George becomes overwhelmed at what he is suddenly hearing.  It dawns on him that he lives in a world saturated with noise.

Oscar Hammerstein once wrote a famous lyric: “All the sounds of the earth are like music.”  For George Valentin, at that moment all the sounds of the earth are a nightmare.

Thinking about that scene from the movie, I found myself wondering: how much am I like George Valentin?  What have I been missing?

What have I been too proud to accept?

Or, more pointedly: what have I been too proud to change about myself?

That, in a nutshell, is Lent.

Part of what we do during Lent is we do without: we fast, we give up meat on Fridays, we offer up something as a sacrifice.  In our way, in doing that we venture into the desert, like Jesus did in the gospel.  We strip ourselves of what we like, what we find enjoyable or comfortable.  We don’t do it really to build character.  We do it to discover our character – to see anew – or HEAR as if for the first time – just who we really are.

Stripping away some of the distractions of life, we are forced to confront ourselves.

Thomas Merton once wrote about this season: “Lent is not just a time for squaring conscious accounts, but for realizing what we had perhaps not seen before.”  And he added: “The light of Lent is given us to help us with this realization.”

We don’t often think of Lent as a time of light.  But you’ll notice it, as we get closer to Easter: the nights grow shorter, the days do get longer, the light gets brighter.

So in these days and weeks to come, we may see things differently – more clearly.  Our world becomes illuminated.  So ask yourself: what am I seeing in that additional light?  What have I not seen before – about myself, about my sins, about the way that I live my life?

Or, recalling George Valentin: what am I realizing, what am I hearing, that I haven’t realized before?

And how can I do better?

This is most assuredly a time for taking stock – and starting over.

The scripture readings today offer us a powerful juxtaposition – and, I think, a dramatic lesson for the weeks to come.

The first reading reminds us of how God destroyed the world with a flood.

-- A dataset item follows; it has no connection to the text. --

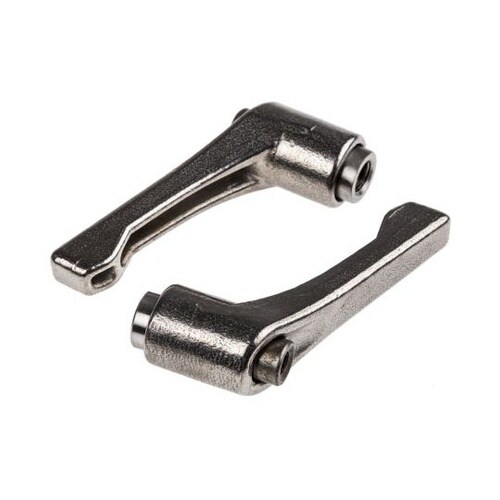 レバーハンドル M6 ステンレススチール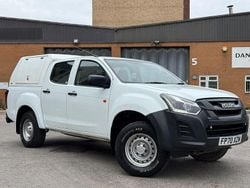 White Used 2021 Isuzu D-Max Pickup | £12,995 (Good price)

But the gospel reminds us how Christ began to remake the world, and redeem it, in a desert.

Well, here we are, in Lent, in our own kind of desert. How will we join with Christ in remaking our world, remaking ourselves?

In “The Artist,” George Valentin learned reluctantly that he had to change, and grow.  Through pain and struggle, he learned he couldn’t cling to what was comfortable.

Neither can we.

I think it is the first of many lessons of Lent.  There will be more to come.  But his much is certain:

Lent pushes all of us out of our “comfort zones” into a desert of discovery… from a period of darkness into a season of light.

There, we are better able to see who we are – and who we want to become.